> [SOURCE DATA]

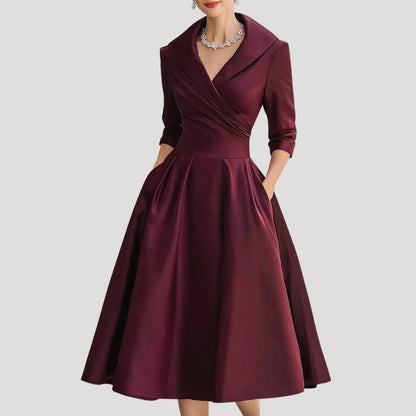 Sylvera | Dames Klassieke Wrap Midi Jurk – Elegante Lente Outfit, Kantoor- & Feestkleding
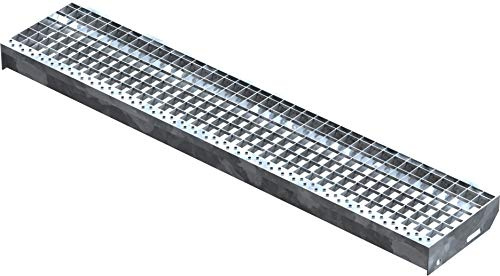 Fenau – 1200 x 240 mm - Gitterrost-Stufe (R11) XSL, MW: 30/30 mm, verzinkt, Stahl-Treppenstufe nach DIN-Norm, Fluchttreppen geeignet, Anti-Rutsch-Wirkung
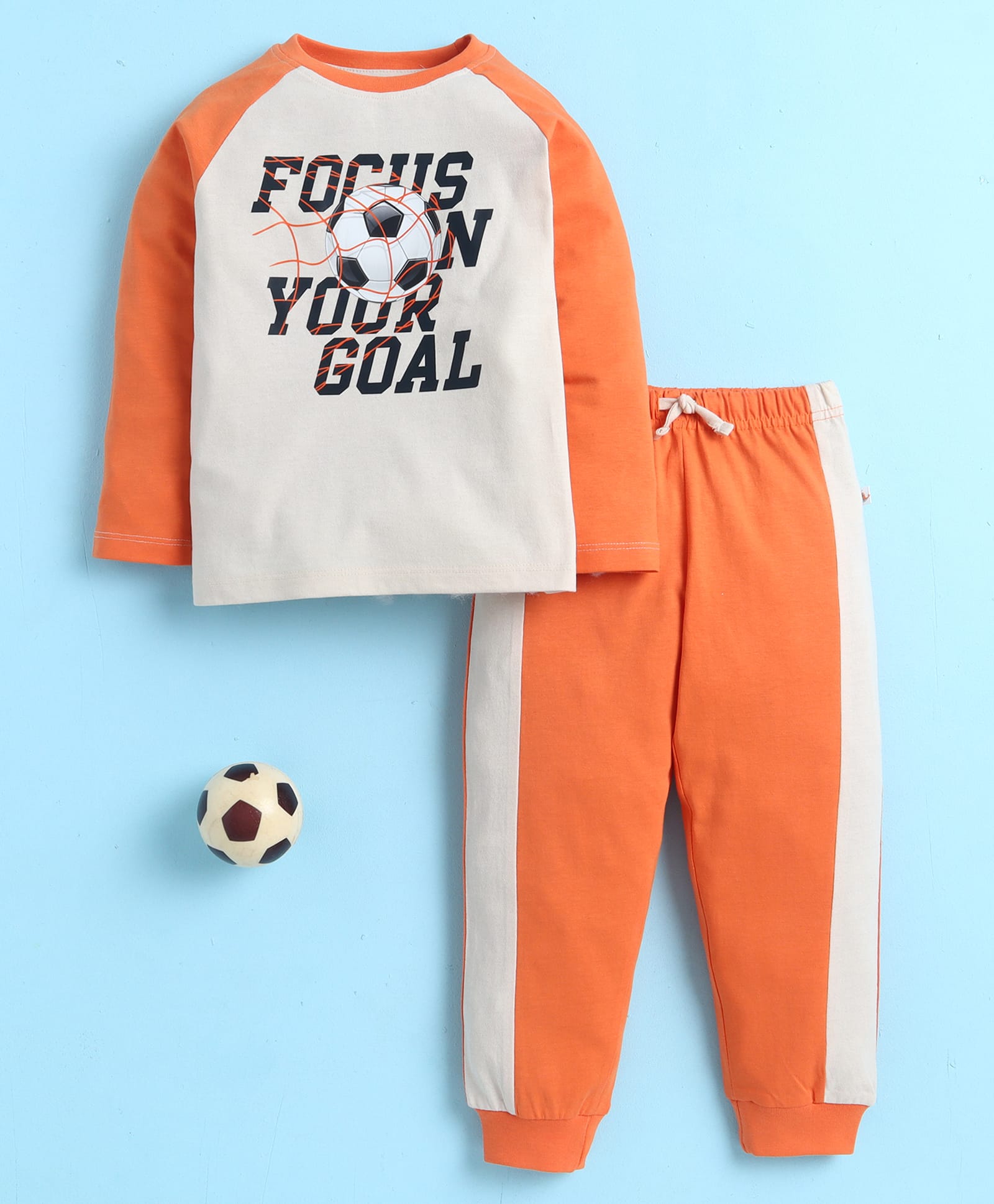 BUMZEE Cotton Woven Raglan Full Sleeves Shirt & Pyjama Night Suit With Football & Text Print - Orange & Beige-image-14
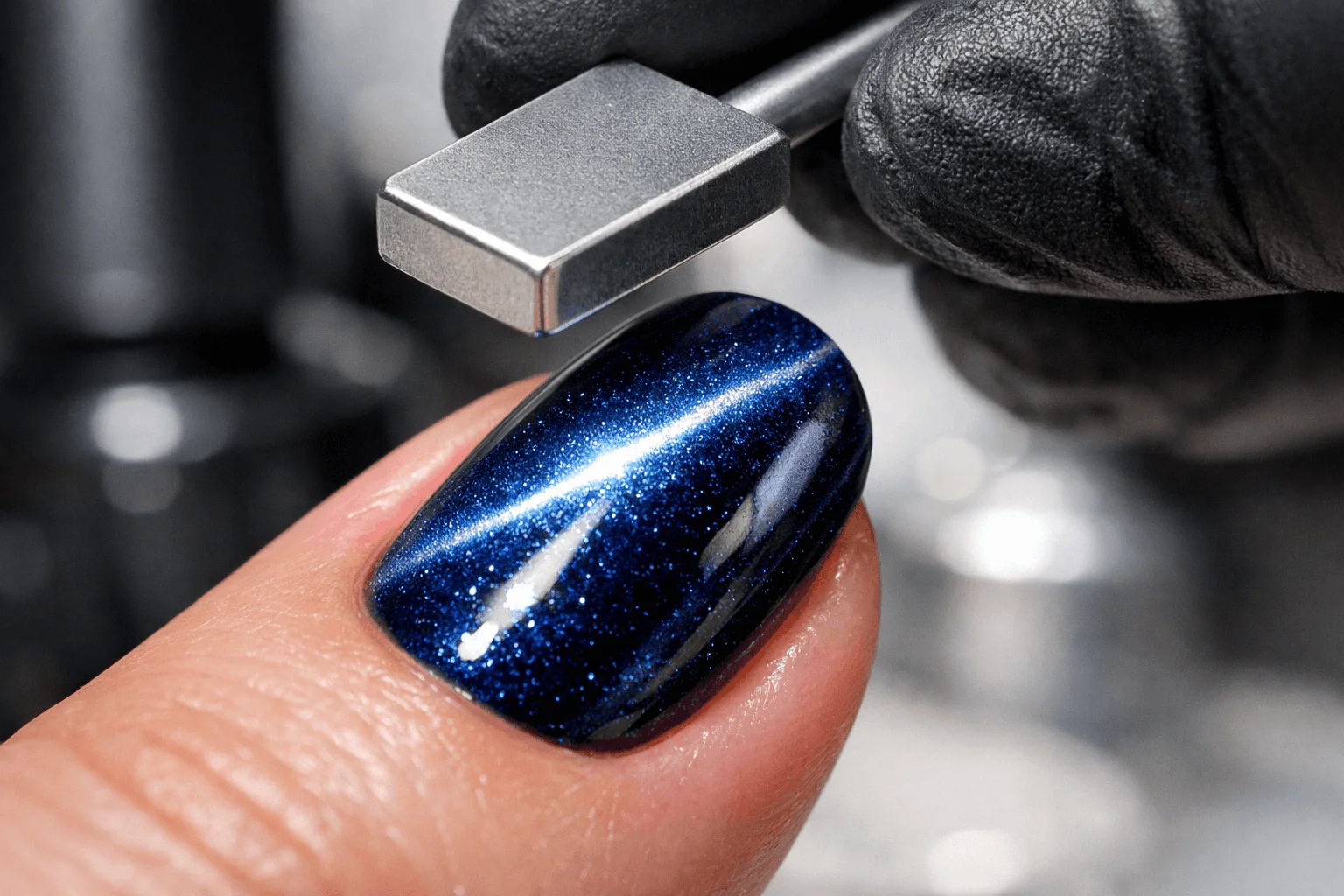 25 Blue Cat Eye Nails That Hit Different This Year 2 Magnetic gel polish creating the cat eye effect on blue nails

> [PROMPT] The line containing "Fenau – 1200" marks the end: transcribe every line from the start of the listing up to and including it, minus the pictures.

> [TASK ANSWER]
 Sylvera | Dames Klassieke Wrap Midi Jurk – Elegante Lente Outfit, Kantoor- & Feestkleding
 Fenau – 1200 x 240 mm - Gitterrost-Stufe (R11) XSL, MW: 30/30 mm, verzinkt, Stahl-Treppenstufe nach DIN-Norm, Fluchttreppen geeignet, Anti-Rutsch-Wirkung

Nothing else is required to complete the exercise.